Studies performed as early as the 1950's have shown that giving external rewards for jobs or tasks that are intrinsically motivating can actually decrease the level of intrinsic motivation.  This particular effect has been called the "overjustification" or "crowding out" effect.  Two additional studies by Dan Ariely and his colleagues adds another layer of complexity to this argument.  Ariely suggests that there is a third form of motivation, called image motivation (also called signaling motivation), which is the drive to complete a task in order to improve people's perceptions of us.   For example, we are more likely to give to a charity if we gain the approval from others by doing so (the "lumpers" among us would argue that this is just another form of extrinsic motivation).  

Ariely conducted an experiment in which undergraduate students worked at a seemingly meaningless task for a charitable cause.  Monetary incentives for the work increased job performance only when they were given in private.  If it was visible to the public that the students were being paid for their activities, monetary incentives no longer had an effect on performance, i.e. there was evidence of a "crowding out effect."  Ariely talks about similar findings from a study by Richard Titmuss in the 1970's that showed that blood donations dropped when individuals starting getting paid to donate blood.  People want to be seen by others that they are doing good for the sake of doing good and not because they are being paid for it.  
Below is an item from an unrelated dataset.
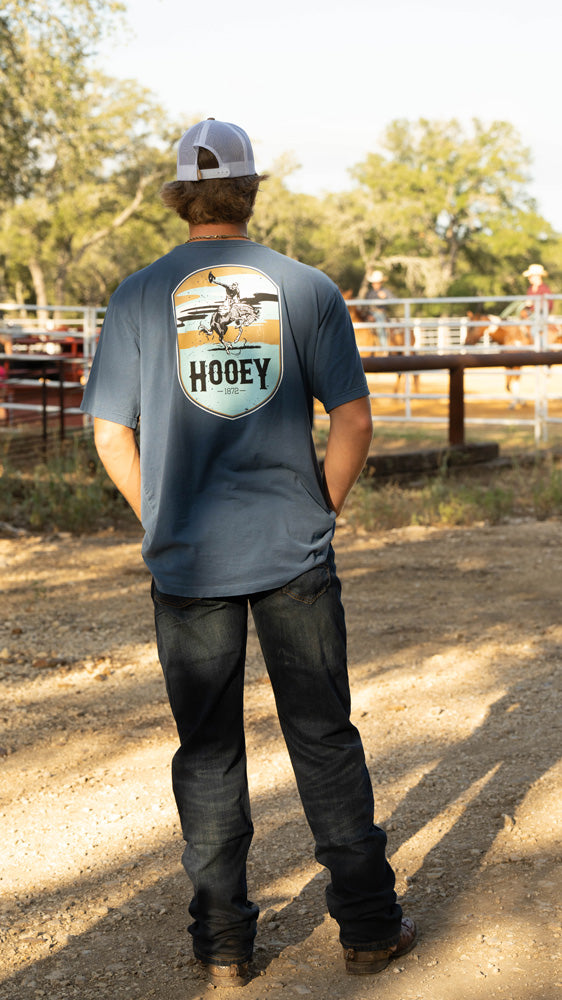 back of blue cheyenne hooey tee worn by male model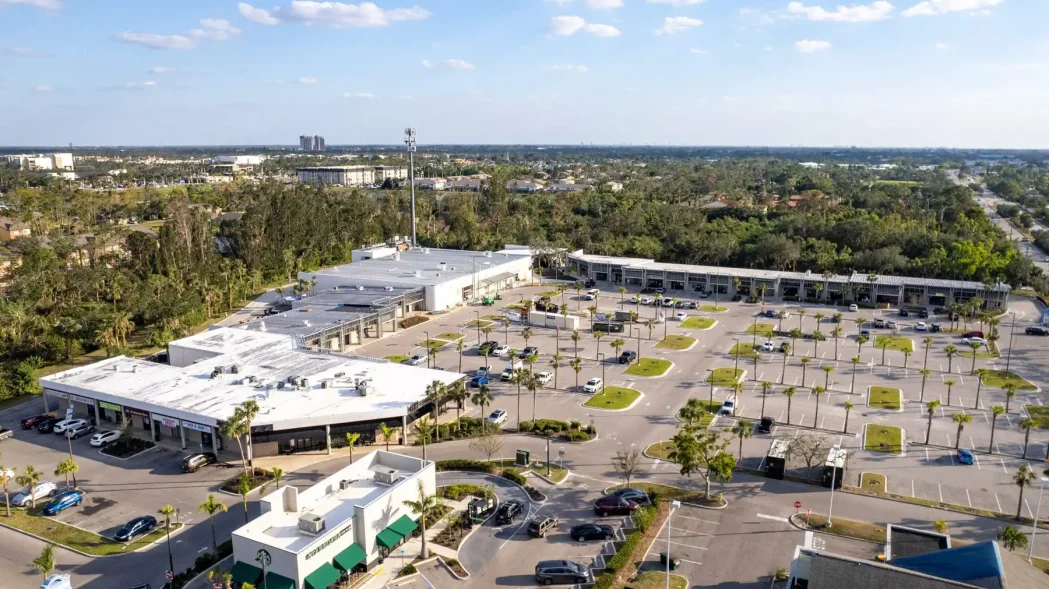 Aerial view of shopping center renovation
There's one last wrinkle to this discussion.  Ariely and his colleague James Heyman suggested that there are two types of markets at play - a monetary market and a social market (see "Effort for Payment: A Tale of Two Markets").  When people are working with a monetary market framework, increasing the monetary (or even nonmonetary) incentives will result in an increase in job performance and/or productivity.  In contrast, when people are working within a social market framework, the degree of effort that individuals employ is based upon their altruism.  Monetary incentives in this case will result in the "crowding out effect" described above.
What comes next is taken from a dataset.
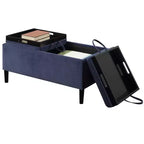 Pouf Contenitore Rotondo in Lino Blu con Vassoi, 1 Posto a Sedere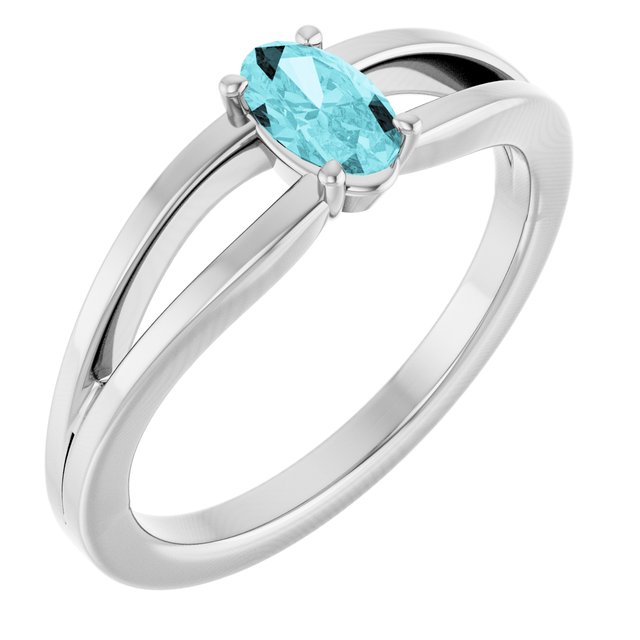 Oval Blue Zircon Youth Ring in White Gold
Imagine that you are getting ready to move your apartment.  You ask your friends for help.  Do you pay them?  If so, do you pay them back with money or do you give them dinner and a few beers?  The results from Heyman and Ariely's study suggest that if you do offer to pay your friends back, you will shift them from a social market framework to a monetary one.  As such, their willingness to help (as well as their effort) will increase with the amount of money and/or gifts you promise to give them in return for their help.  They also found that sometimes, your friends would exert a greater effort in the absence of a promise to pay them than if you offered to pay them for a trivial amount.
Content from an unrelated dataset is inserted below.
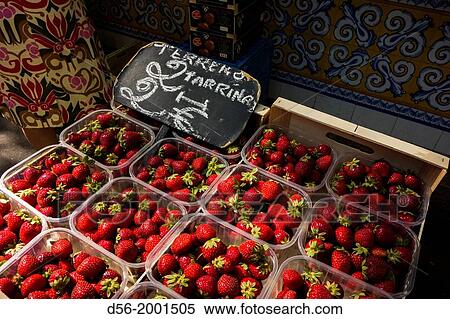 Strawberries in the central market, Valencia, Spain View Large Photo Image Stock Photography - Strawberries in the central market, Valencia, Spain. Fotosearch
Clearly, humans are complicated creatures!  Collectively, all of these studies suggest that the warden in the movie Holes would have increased the prisoner's effort and motvation by:

1. Providing them with simple recognition at the end of the day (perhaps giving an award for the prisoner who dug their hole the fastest during the day)
2. Giving them meaning or a reason to dig (not to "build character"), perhaps by telling them they were digging for a buried treasure (though that's complicated too)

There are lessons here for leaders and managers too.  Leadership is all about motivating your team to perform at their best.  Leaders and managers would do well to understand the nuances between intrinsic, extrinsic, and image motivation!